2.6 Some suggestions for Selection of slums
- There should be a socio-economic survey of the slum by a team of volunteers drawn from different faculties;
- The selected area should be compact. There should not be more than 300 residents in an adopted slum;
- The community people should be receptive to the ideas of improving their living standard. They should also be ready to coordinate and involve in the projects undertaken by the NSS for their upliftment;
- The areas where political conflicts are likely to arise should be avoided by the NSS units;
- The area should be easily accessible to the NSS volunteers to undertake frequent visits to slums;
- The working in the slum needs commitment and hard work. Only sensitive and highly motivated NSS volunteers can find easy to serve in slum areas.
3. Coordination with Voluntary Organizations
It may be noted that the NSS unit has no financial resource to implement any programme in the adopted villages or slum on its own. Therefore, a successful unit has to closely coordinate with the government agencies and voluntary organisations working in this field.
3.1 After identification of the needs of the community and the selection of projects, the programme officer should look for the Government agency or a voluntary organisation who can assist in the completion of a particular project. The different departments of the Government like forest, agriculture, adult education, health, child and family welfare, can render very useful assistance to the project pertaining to community work. Voluntary organisations can also help in forming public opinion in favour of NSS projects. Adult education samitis, Nasha Bandi Boards, Yuva Mandals and Mahila Mandals can provide additional assistance to the NSS units. Similarly voluntary land statutory welfare agencies such as Community Centres, Residential Institutions for children/women, the Aged and Institutions for physically handicapped and disabled can provide a wide scope of the choice of service to the NSS volunteers. NSS volunteers can be placed with these agencies considering the inherent aptitudes and inclinations of NSS volunteers. NSS volunteers must be told to develop a sense of belonging and respect for the people with whom they are working. Working in close collaboration with these agencies will help the NSS volunteers in understanding the problems of a vulnerable section of the society. The work opportunities in the welfare institutions may be enumerated as under-
- Adoption of welfare institutions and helping the inmates and staff by arranging outings, fund collection drives, reading and writing letters for those who are unable to do so;
- Propagation of the message of Swachchta, Digital Literacy, renewable energy etc.
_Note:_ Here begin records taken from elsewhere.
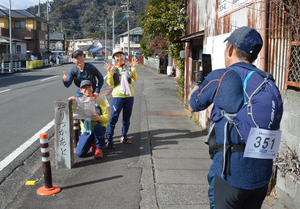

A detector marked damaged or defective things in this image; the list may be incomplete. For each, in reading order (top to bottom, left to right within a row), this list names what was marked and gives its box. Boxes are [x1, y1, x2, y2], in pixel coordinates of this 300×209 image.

building with rusty metal wall [178, 1, 300, 207]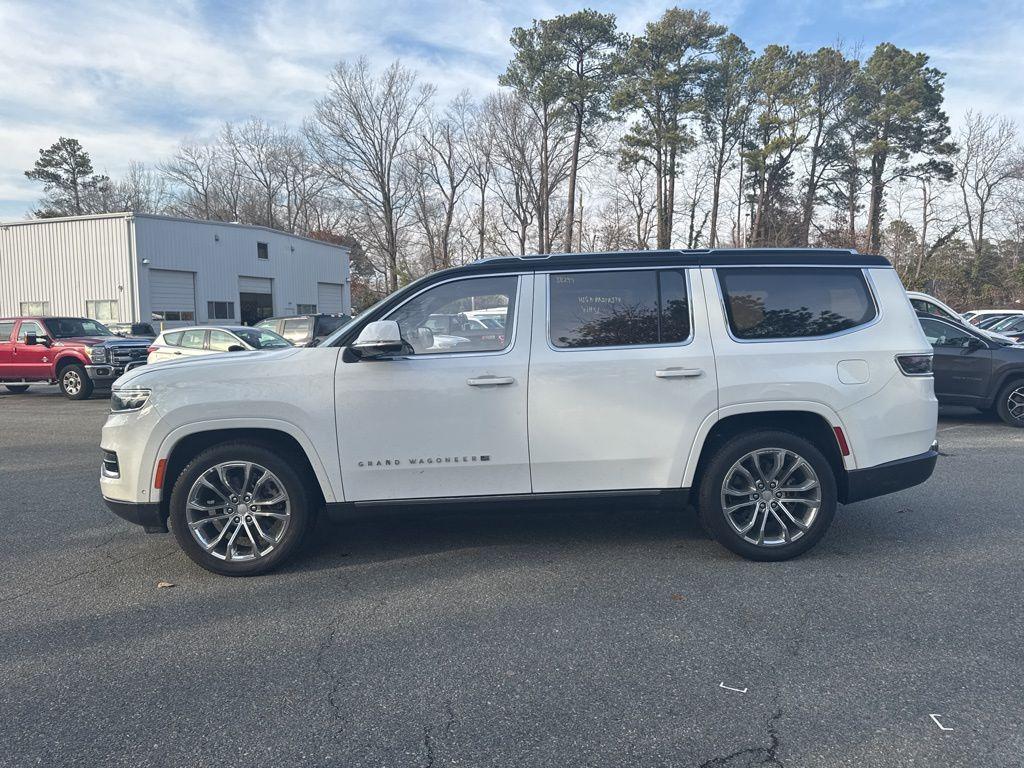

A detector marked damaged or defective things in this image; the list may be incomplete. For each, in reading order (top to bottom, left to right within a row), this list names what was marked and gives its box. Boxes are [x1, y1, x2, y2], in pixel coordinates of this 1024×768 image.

cracked pavement [2, 392, 1024, 764]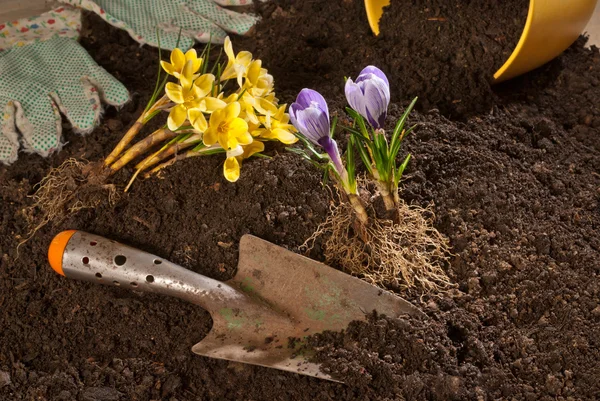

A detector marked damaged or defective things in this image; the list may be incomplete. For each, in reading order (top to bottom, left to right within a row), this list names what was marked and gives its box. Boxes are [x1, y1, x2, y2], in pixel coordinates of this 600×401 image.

rusty trowel tip [47, 228, 77, 276]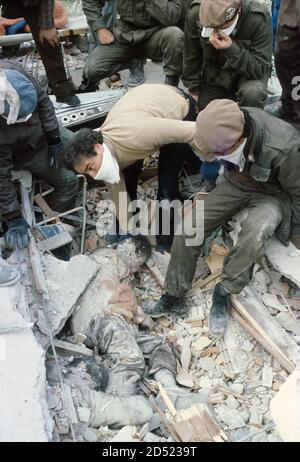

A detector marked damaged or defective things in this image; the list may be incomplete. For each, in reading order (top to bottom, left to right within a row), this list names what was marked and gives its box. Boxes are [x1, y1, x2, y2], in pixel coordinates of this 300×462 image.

- Working for improvement of physical environment;
- Programme of non-formal education and general literacy classes;
- Organisation of economic development activities;
- Establishment of hobby centres and
- Assisting in the rehabilitation work of the disabled, destitute etc.
In addition, NSS units and welfare agencies can take up joint community development projects and other programmes of community welfare land awareness depending on the local needs.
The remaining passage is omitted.